### Required action
Nothing but the lines from the one including "2025 Honda Accord Hybrid Sport-L" through the last line of the entries, restated exactly, should appear in the answer; omit the pictures.

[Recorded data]
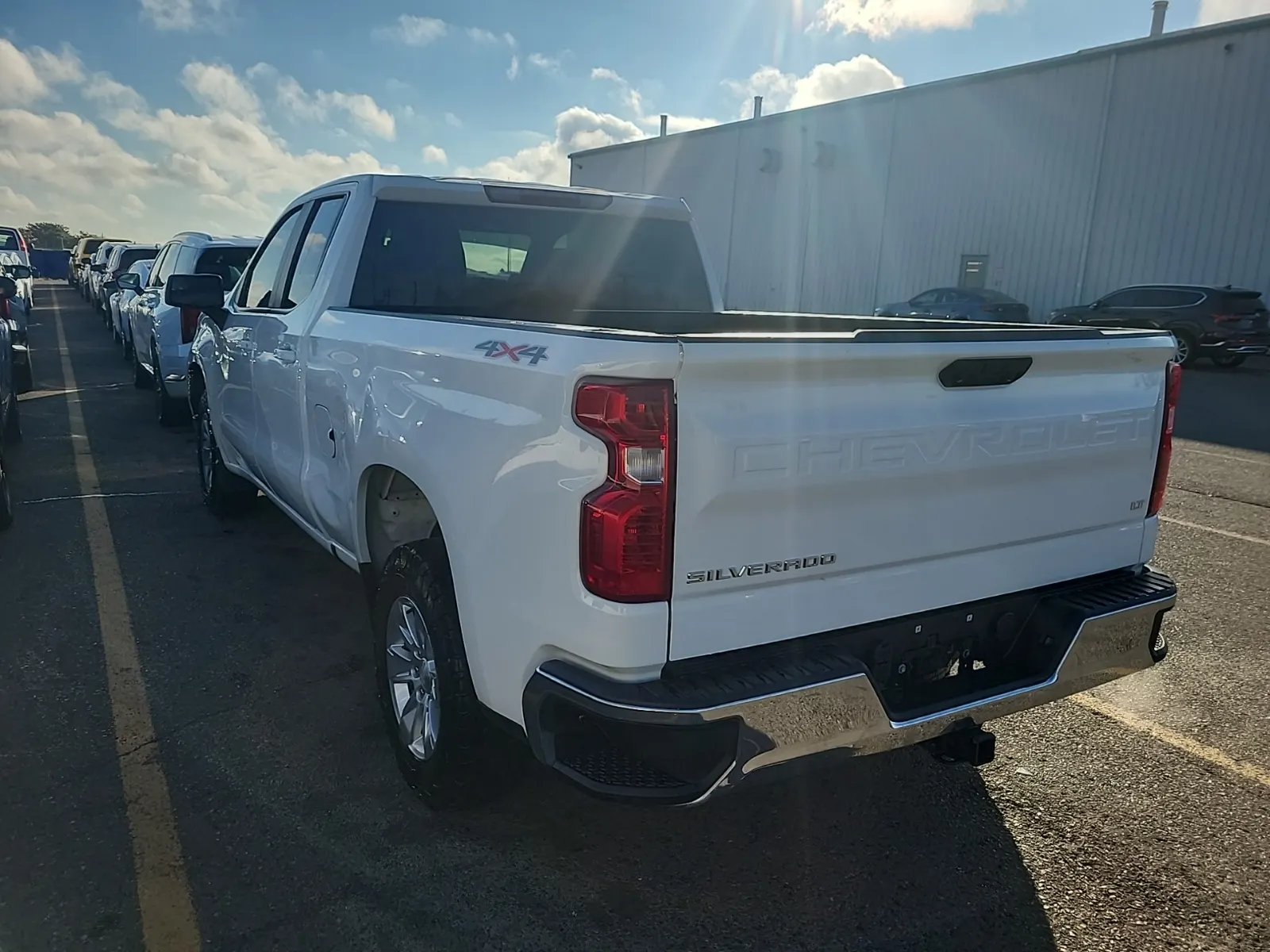 Driver Rear 3/4 Photo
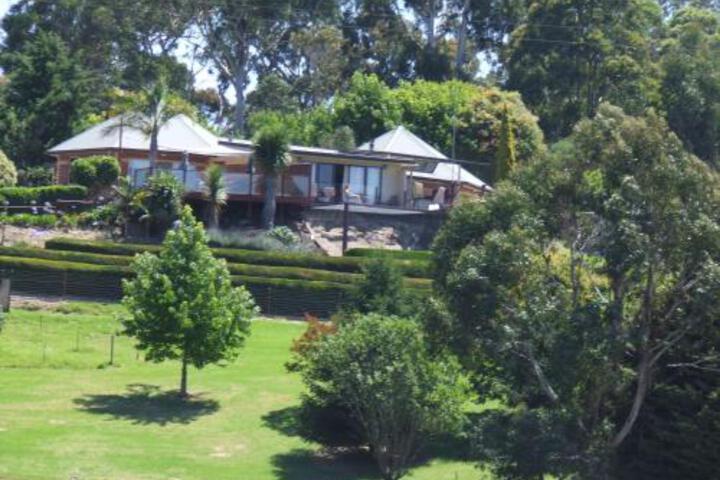 Kiah NSW Darwin Holiday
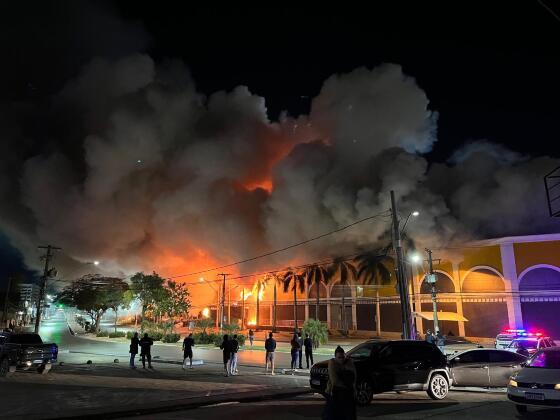 Incêndio destruiu lojas e produtos na madrugada.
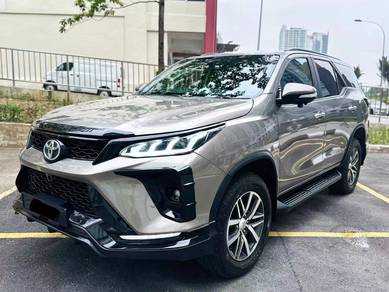 Toyota Fortuner SRZ in Desa Petaling, KUL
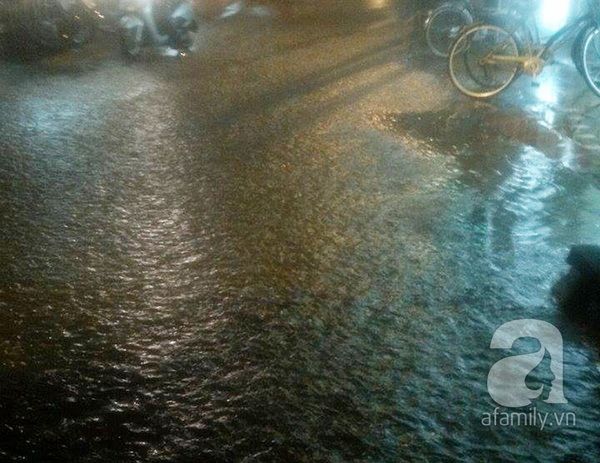 Hà Nội đang mưa rất to, nhiều nơi có khả năng bị ngập lớn 4
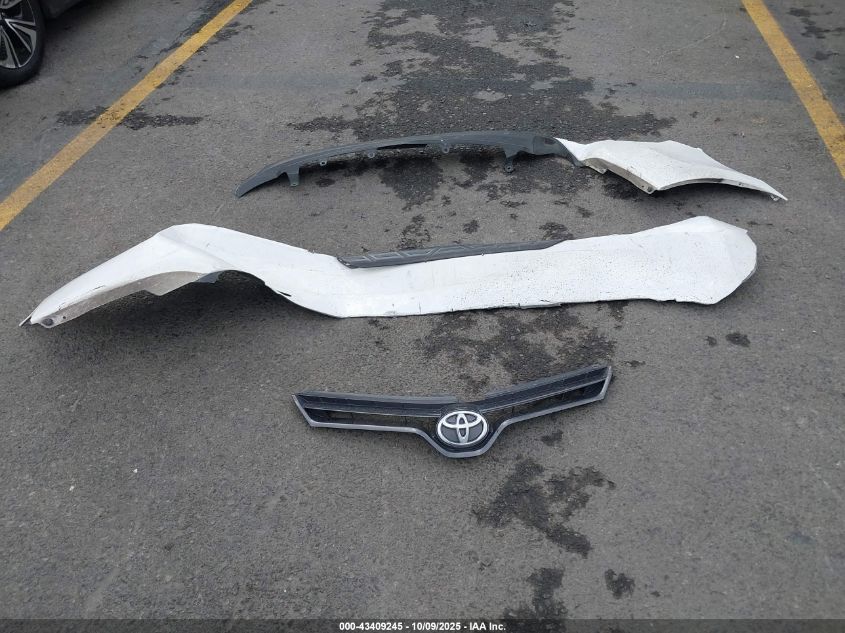 2015 Toyota Corolla Le VIN: 5YFBURHE9FP307585 Lot: 43409245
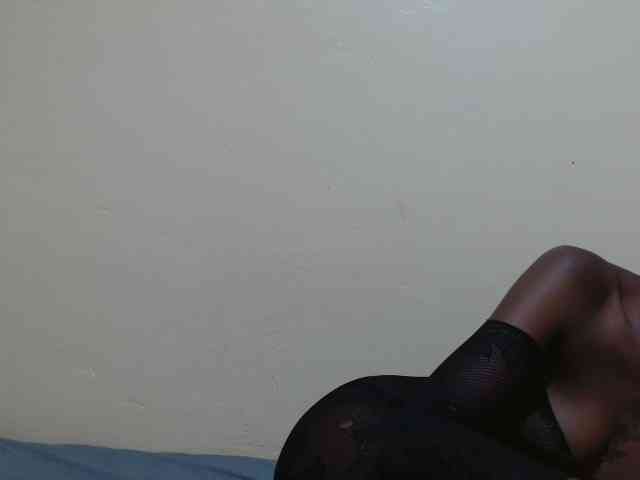 Petitebunni webcam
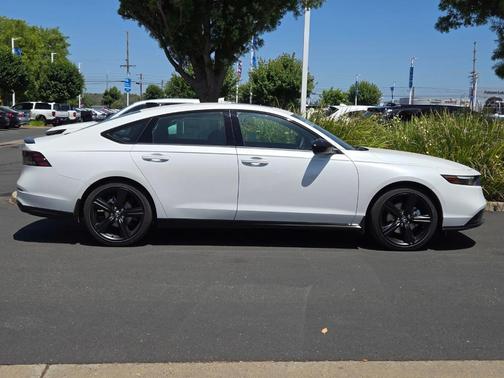 2025 Honda Accord Hybrid Sport-L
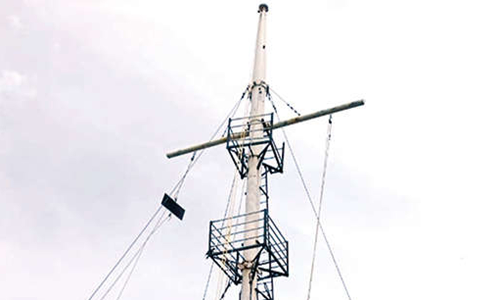 கடலூர் துறைமுகத்தில் 1-ம் எண் புயல் எச்சரிக்கை கூண்டு ஏற்றம்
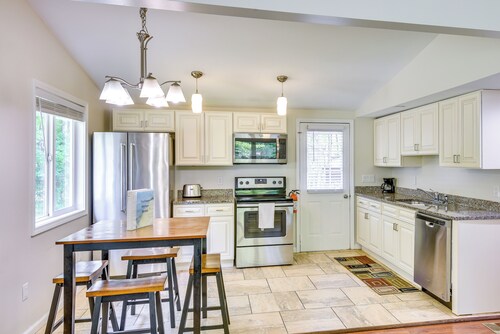 2 Mi to Warren Dunes: Sawyer Apartment w/ Deck!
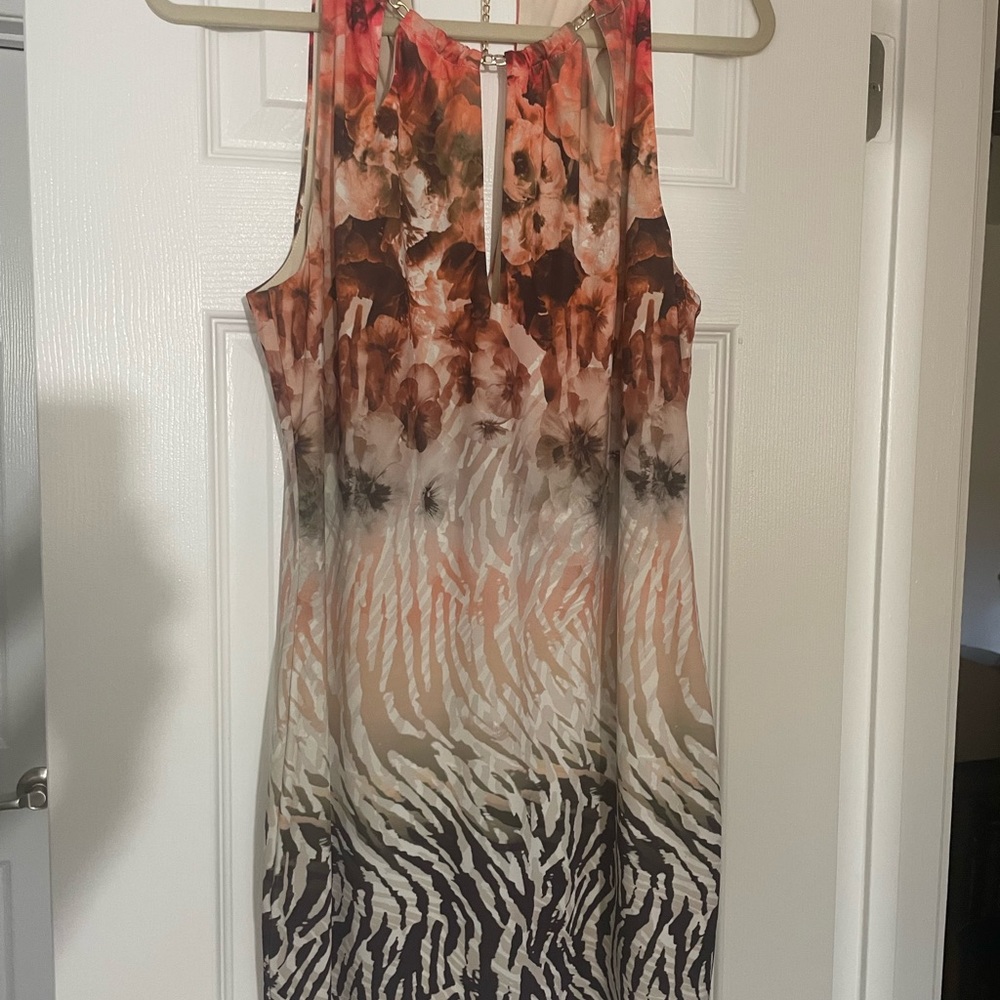 Bebe cocktail dress classic print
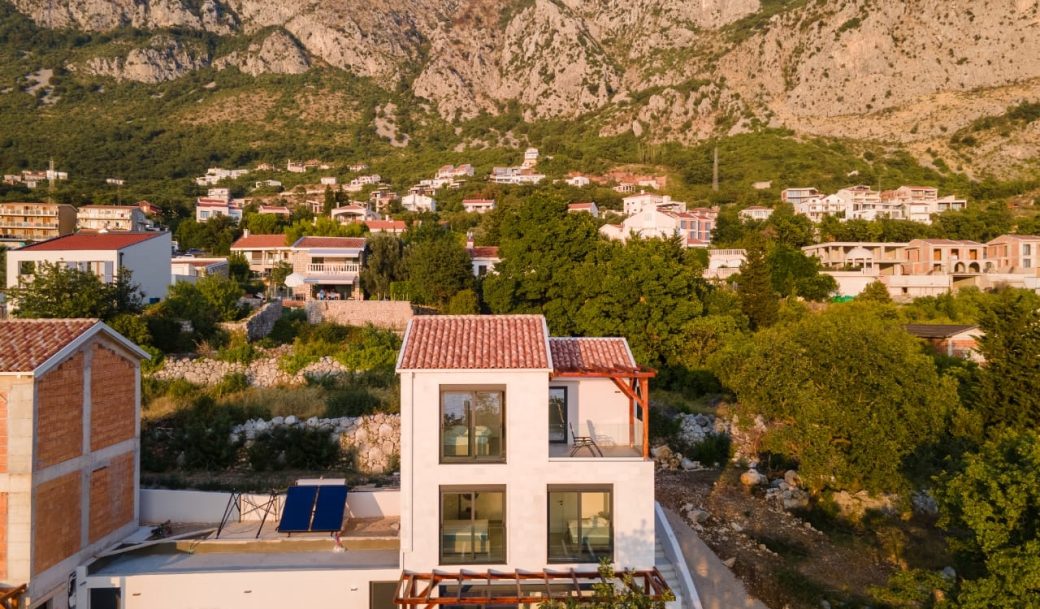 budva-blizikuce-villa-114-sqm-land-plot-230-sqm-montenegro-for-sale-V-02703 (21)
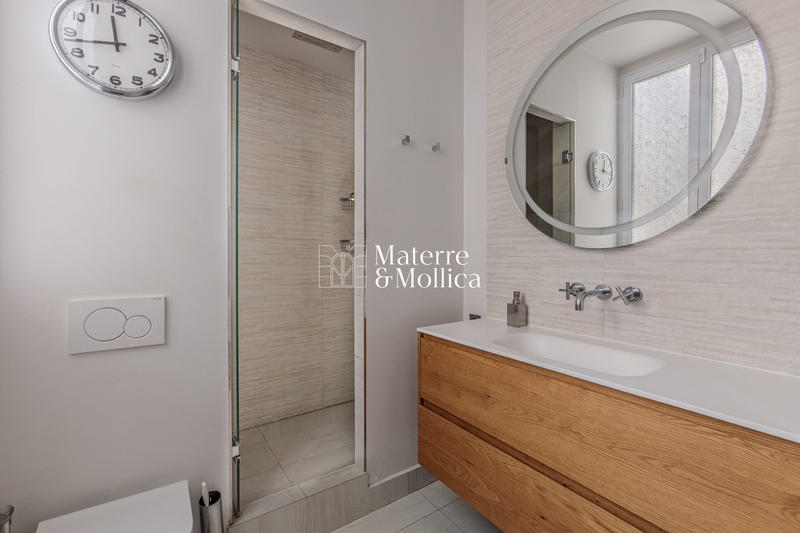 Appartement - 160 m² - 6 pièces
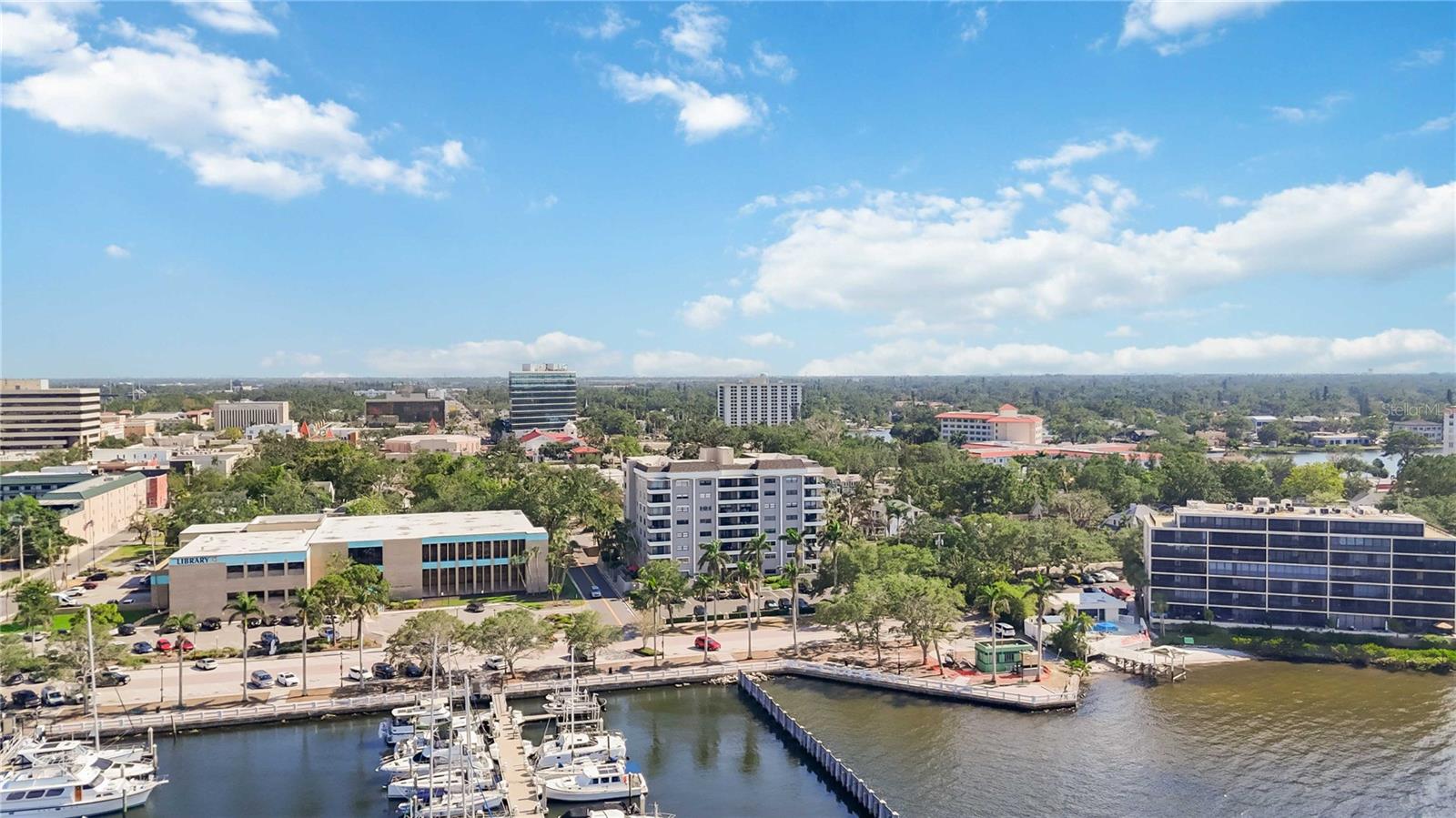 THE RIVERVIEW - Residential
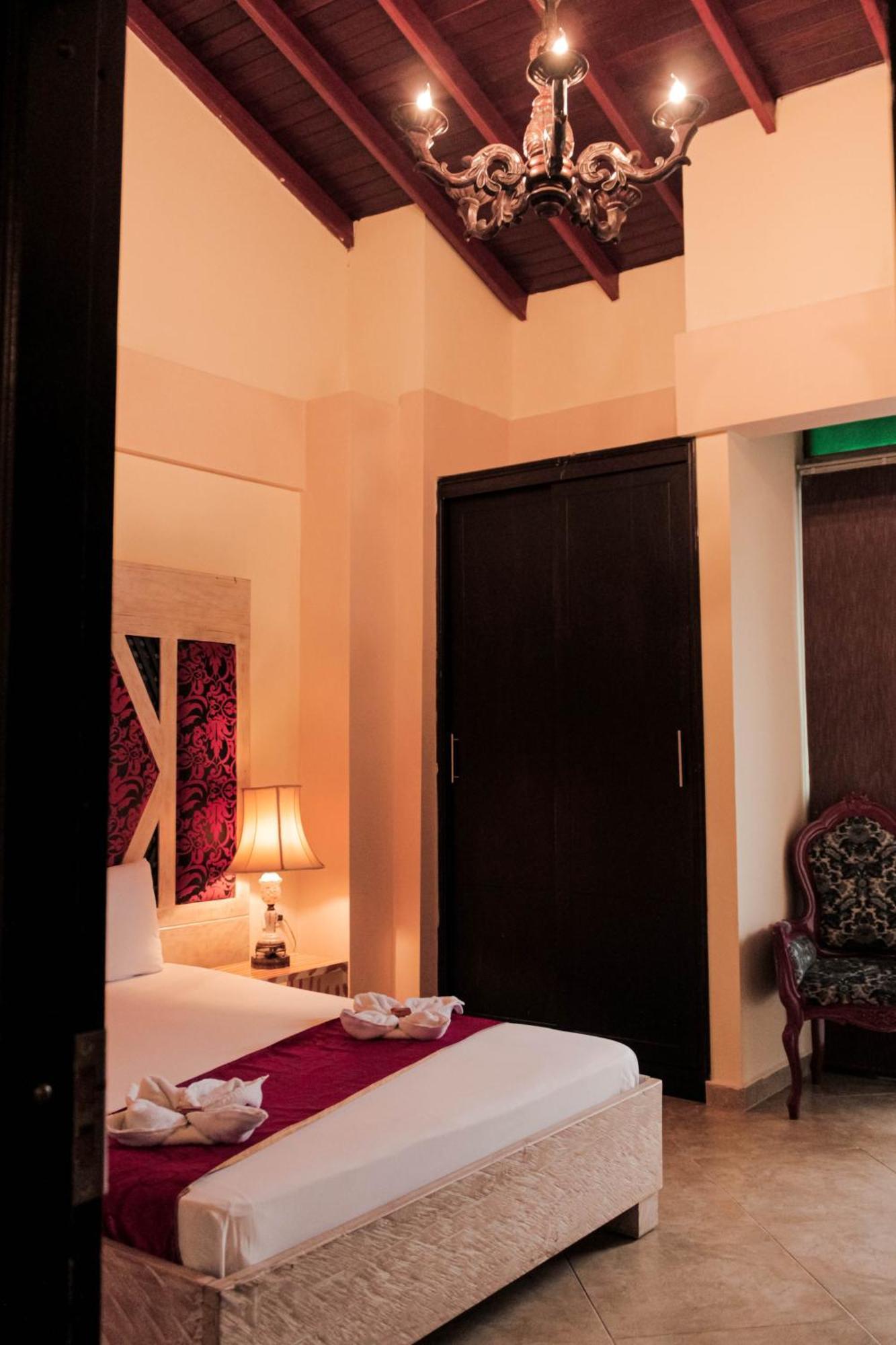 Hotel Plaza Garibaldi Caldas Luaran gambar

### Expected answer
 2025 Honda Accord Hybrid Sport-L
 கடலூர் துறைமுகத்தில் 1-ம் எண் புயல் எச்சரிக்கை கூண்டு ஏற்றம்
 2 Mi to Warren Dunes: Sawyer Apartment w/ Deck!
 Bebe cocktail dress classic print
 budva-blizikuce-villa-114-sqm-land-plot-230-sqm-montenegro-for-sale-V-02703 (21)
 Appartement - 160 m² - 6 pièces
 THE RIVERVIEW - Residential
 Hotel Plaza Garibaldi Caldas Luaran gambar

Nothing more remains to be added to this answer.